Paraît qu’il faut partir se balader en France. Pour le moment pas à plus de cent bornes de chez soi. Mais plus pour longtemps. On sent que ça frémit. Les bords de mer sont déjà envahis par des fugueurs avec ou sans leur drap de bain, avec ou sans une adresse à moins de cent kilomètres. La vie de déconfinés, c’est « chacun fait fait fait c’qui lui plaît plaît plaît… ». Séances « bronzing » aussi à Paris. Les quais sont pris d’assaut. Normal : faut se la jouer « local ». Du côté du canal, quelques audacieux manipulent même la canne à pêche.

Bal masqué, comptes Insta’ et « trip slow life »

Bouquins de voyage, guides touristiques et best-sellers de Pierre Bonte ont la cote. On les ressort. On les essore pour trouver l’idée où aller camper, nager, picoler, rigoler.
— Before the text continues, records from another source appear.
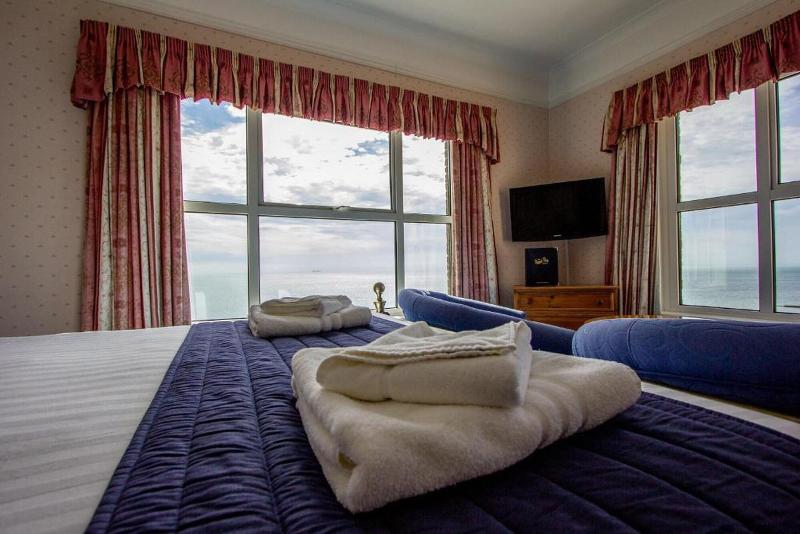 The Channel View Hotel - Oda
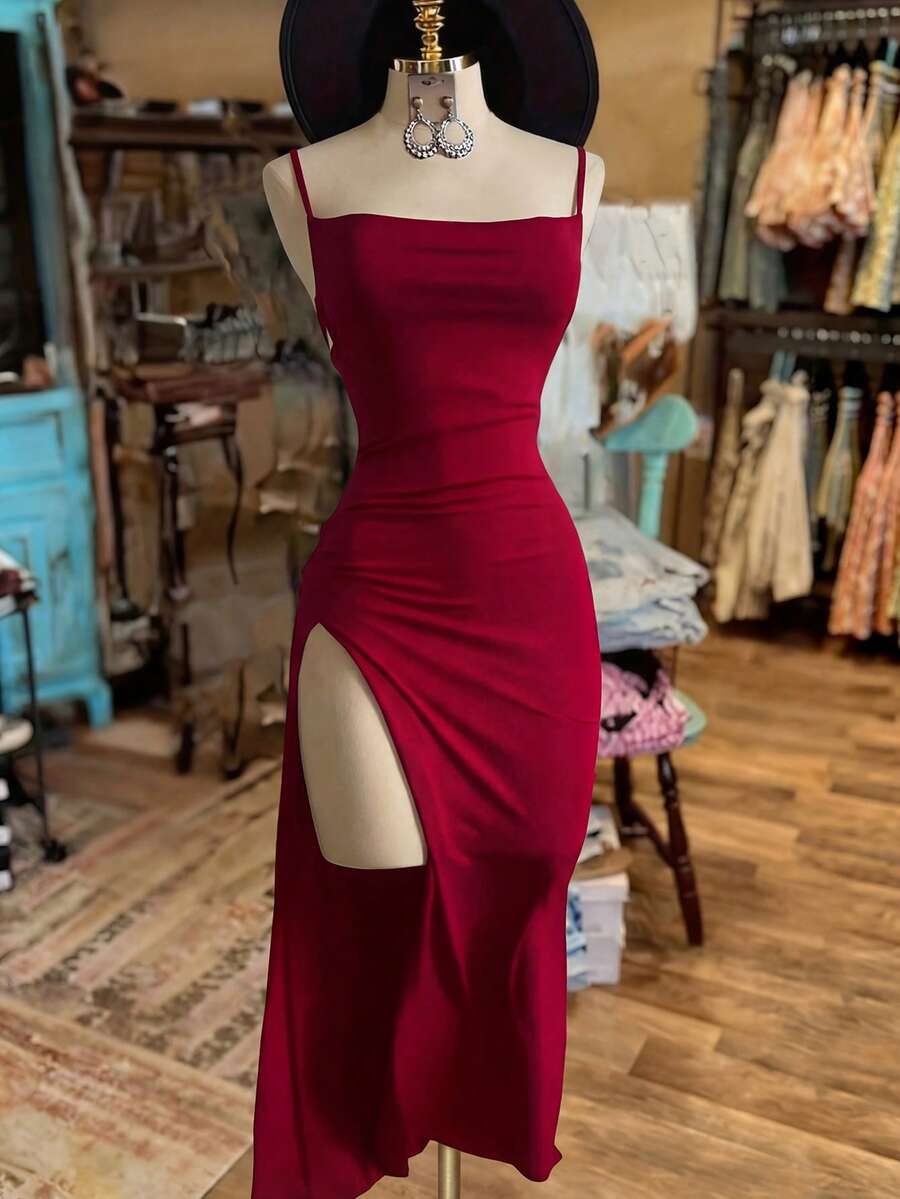 SHEIN EMERY ROSE فستان أحمر عصري بتصميم شق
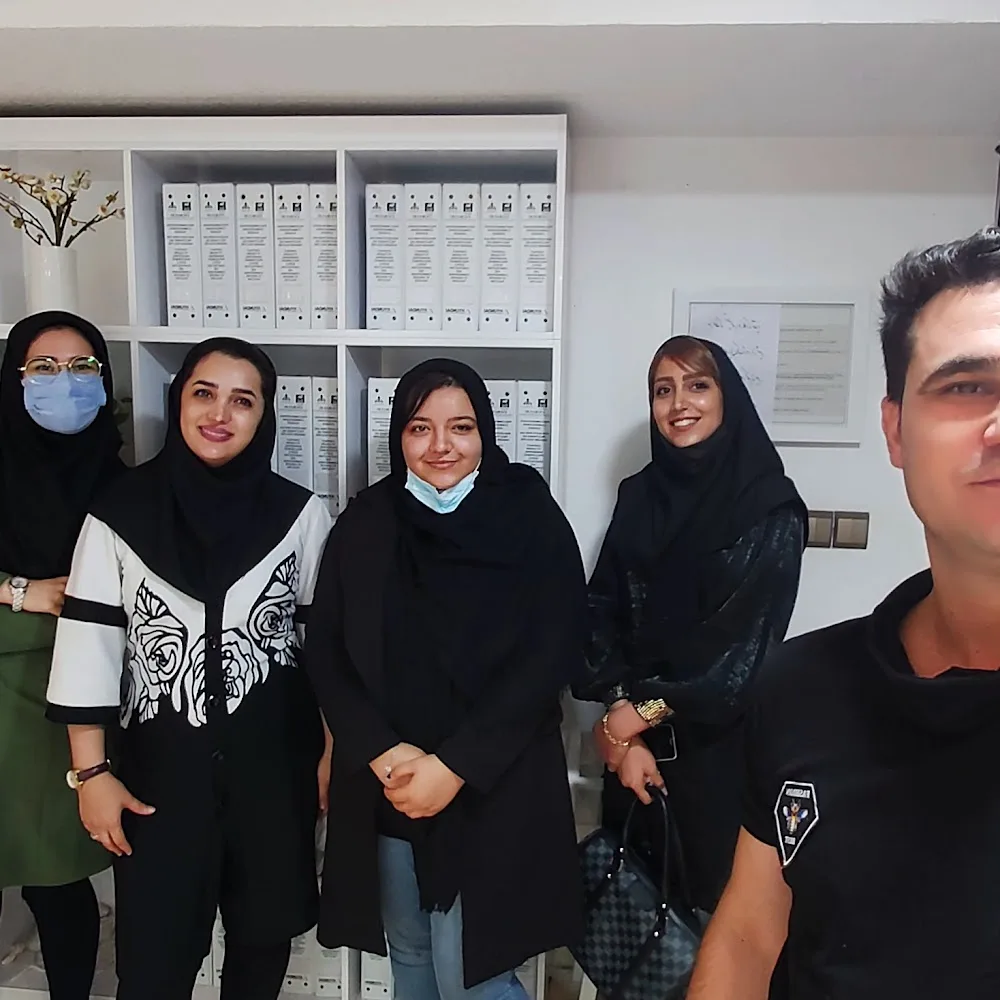 آموزشگاه کامپیوتر و حسابداری آی تک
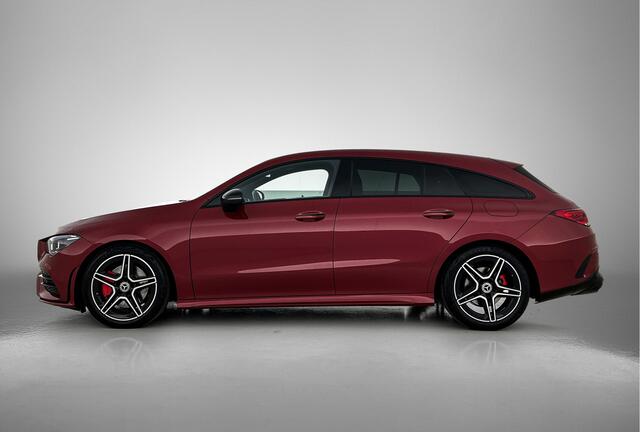 Mercedes-Benz CLA-KLASSE Shooting Brake 200 AMG Line 5 spaaks lichtmetalen velgen | Navigatie | MBUX wide screen | Parking support met camera | speciale uitlaten achter Inclusief 24 maanden MB Certified garantie voor Europa.
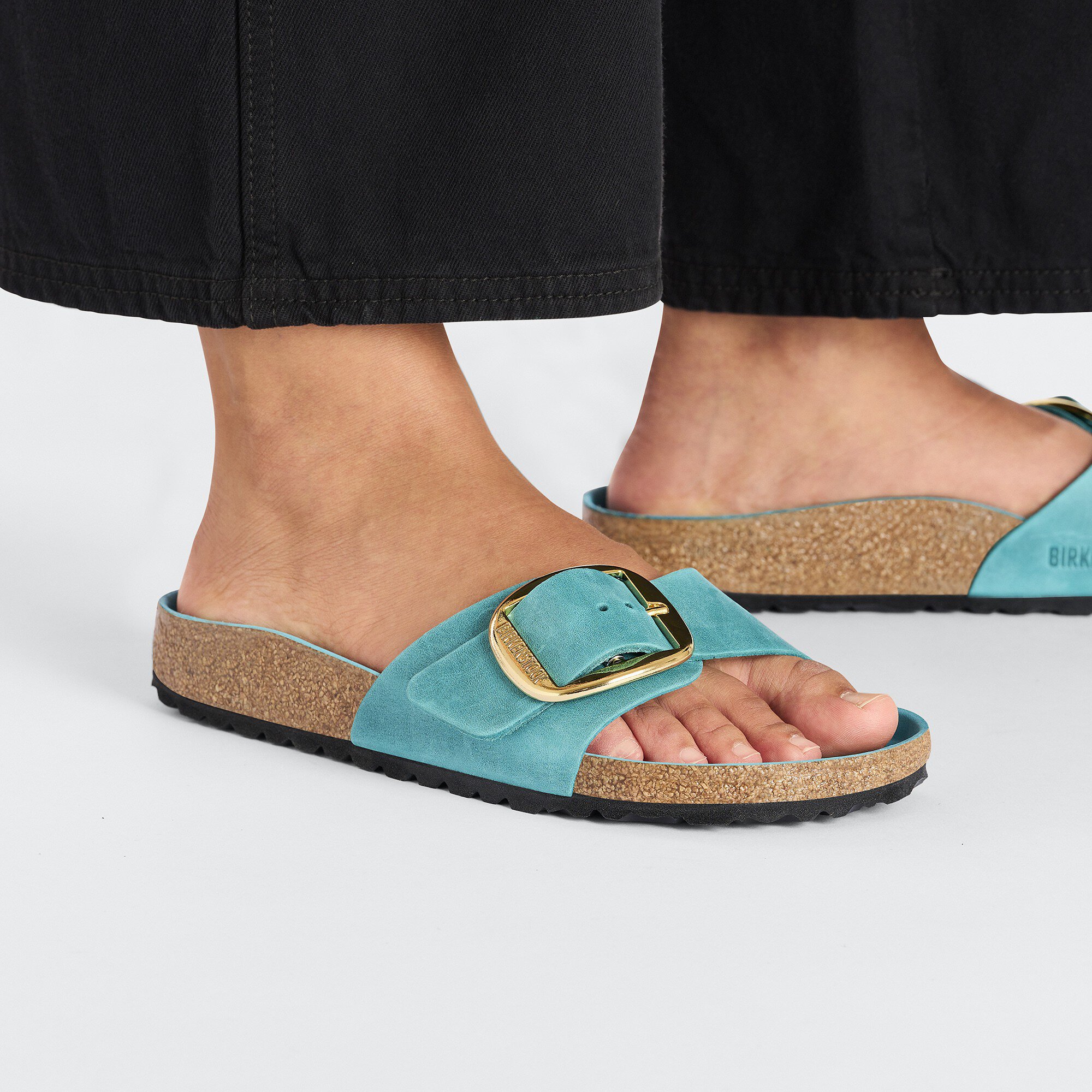 Madrid Big Buckle Natural Leather Oiled Biscay Bay | BIRKENSTOCK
On re-prononce des noms de contrées oubliées : l’Allier, la Creuse, les bords du Cher… Il aura fallu un virus, un confinement, un bal masqué et du gel « hydro-alcoolo » pour que certains arrivent à situer Montluçon ou Saint-Amand-Montrond sur une carte de France. La presse, des sites Web, des comptes Insta’ recommandent tout à coup l’Auvergne, l’Ardèche, l’Ariège, petites villes, gros villages : des destinations idéales pour une cure de « slow life », saupoudrée de « bienveillance ». Et en marge de tout ça ? On trouve ceux qui flippent parce qu’ils vont fermer leur PME, ceux qui découvrent les joies de Pôle Emploi, ceux qui ont le moral dans les chaussettes à l’idée de mettre un pied dans cet « après »…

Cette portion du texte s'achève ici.